I must concede that my closing thought in the previous post is not airtight. There are families who for whatever reason…decide to have their children or loved ones live separately (temporarily or permanently) because they feel like they are not able to give them the support they need.
But that is the minority…or it should be anyways. Yet, I contend that even those people who need the most extensive support possible should at least be given the opportunity to shine in their own strengths integrated in their family and community.

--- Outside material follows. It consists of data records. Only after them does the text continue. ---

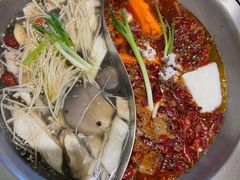 -沸炉重庆老火锅(军事博物馆店)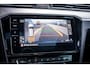 Volkswagen Passat Variant 1.5 TSI Elegance Business R | Achteruitrijcamera | Elektrisch glazen panorama-dak | R-Line exterieur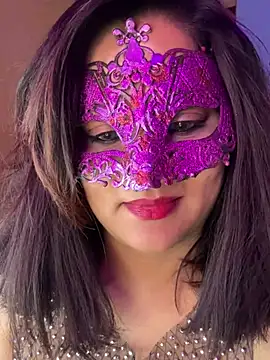 Snapshot of Ayeshaa__25 chatting on 03-12-25, 10:05 Ayeshaa  25 online show from 03-12-25, 10:05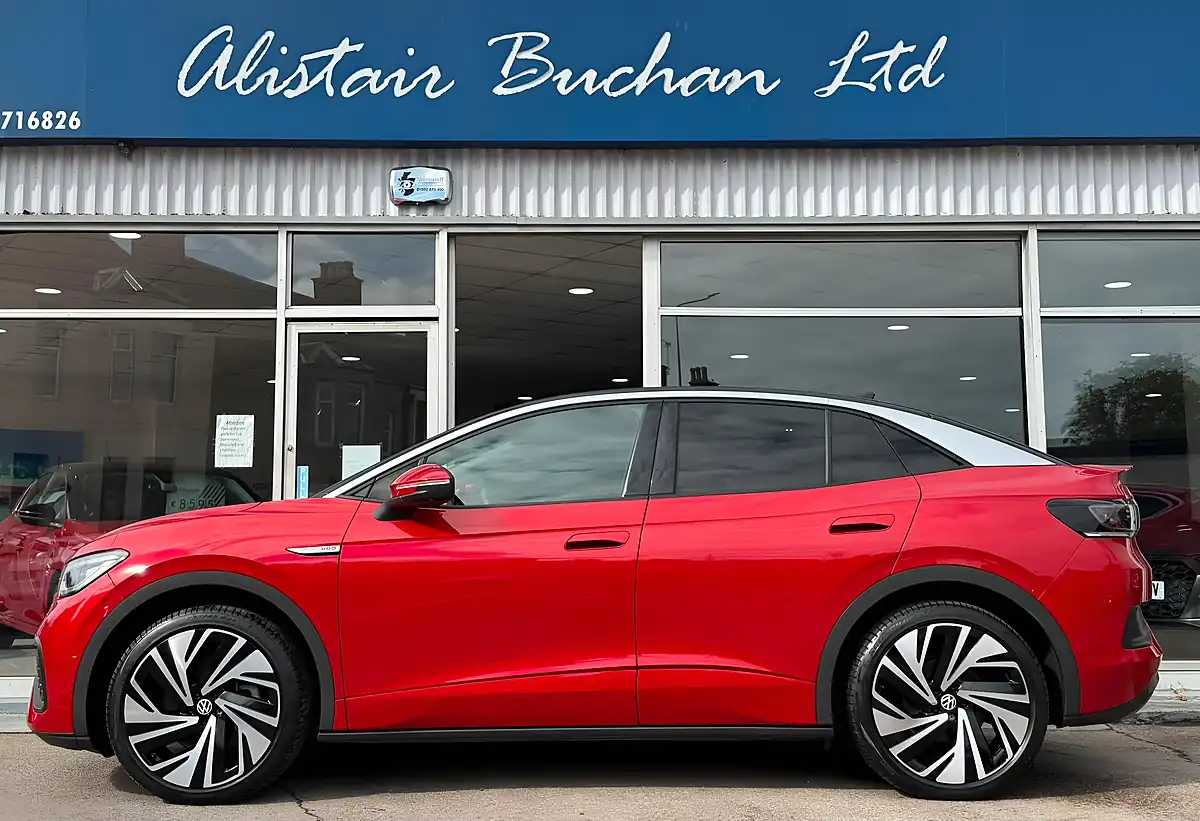 Used 2023 Volkswagen ID.5 Tech Red - Interior and Exterior details 8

Here is how this is related to public schools. It should always be the objective of public education to serve all students no matter what their disability label. It should always be the objective to give the right amount of support for all children. I know these are vague terms and a little bit nebulous but the truth is that inclusion is going to look different in various settings. We are working with a diverse group right…so the best way to start is with one student.
Too simple? Perhaps not.
An important thing to remember is that the way the educational system is setup right now there is a disproportionate number to students with disabilities in certain schools. Right now…as you are reading this there is a school down the road who does not have any students with significant cognitive disabilities. Even though within that school’s zone there are two students which that would be their home school. Go another few miles or so down the road and the middle school has 15% of the student population with an Individualized Education Program (IEP). Go even further and you have a high school that has no self-contained classrooms because the high school on the other end of the county has all of them.
Now imagine for a moment what inclusion advocates are suggesting.

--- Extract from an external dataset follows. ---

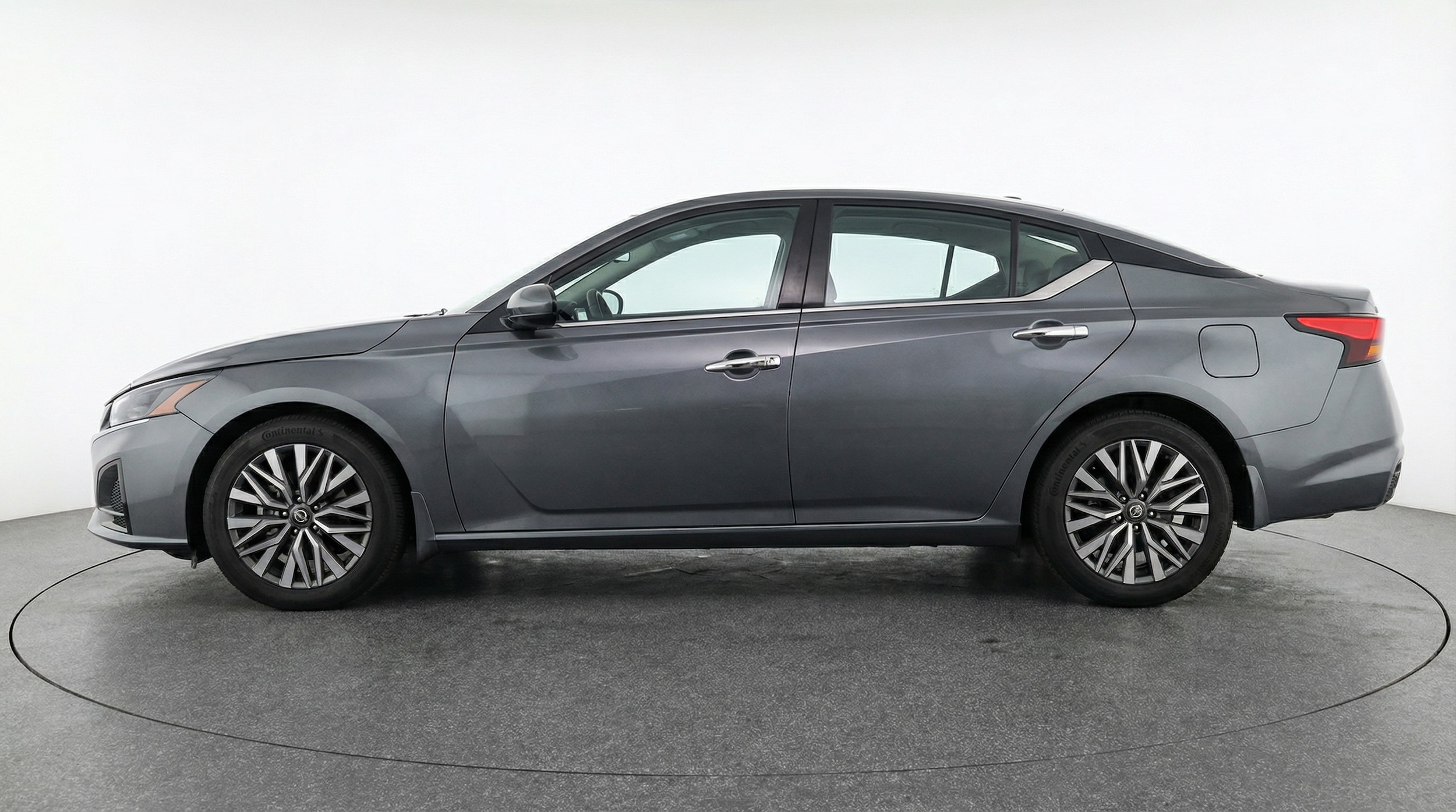 Thumbnail: 2025 Nissan Altima - 4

1. All students go their neighborhood schools. 2. No self-contained classrooms…all students are included in their same age peer groups and work with grade-level materials. 3. All support that is needed for each student is given within the context of their school environment.
If you stop to consider how the distribution of resources could be better used with this model it really becomes more clear. Instead of having 10-20 students with autism in one school (most of which are in one classroom) they could be going to their home school and be given real support to learn with their peers. Instead of having eight students with severe disabilities in one class…there would be one or two in the whole school (which would be much easier to create opportunities for inclusive learning).
So just for a moment think about one person. Perhaps your child or a relative…think about their unique needs as a person who has different abilities. Apply the three scenarios to them…what would it look like? It is much easier to think about one than one hundred. This is why going through the MAPS (Making Action Plans – Pearpoint/Frost) process is so important when planning for inclusion. There are other tools too… check out the resources from Inclusion Press http://www.inclusion.com/ .
If any of this is going to be possible…there needs to be a sea change…and it starts with you. Much like it does for planning inclusion…just think of one student. With the educational system so tied to measuring achievement with high stakes testing, is it at all realistic to think that students with disabilities will ever be fairly and accurately assessed on what they know? Will educators in general education ever feel comfortable with having students with disabilities in their classroom when they know they are responsible for their test scores?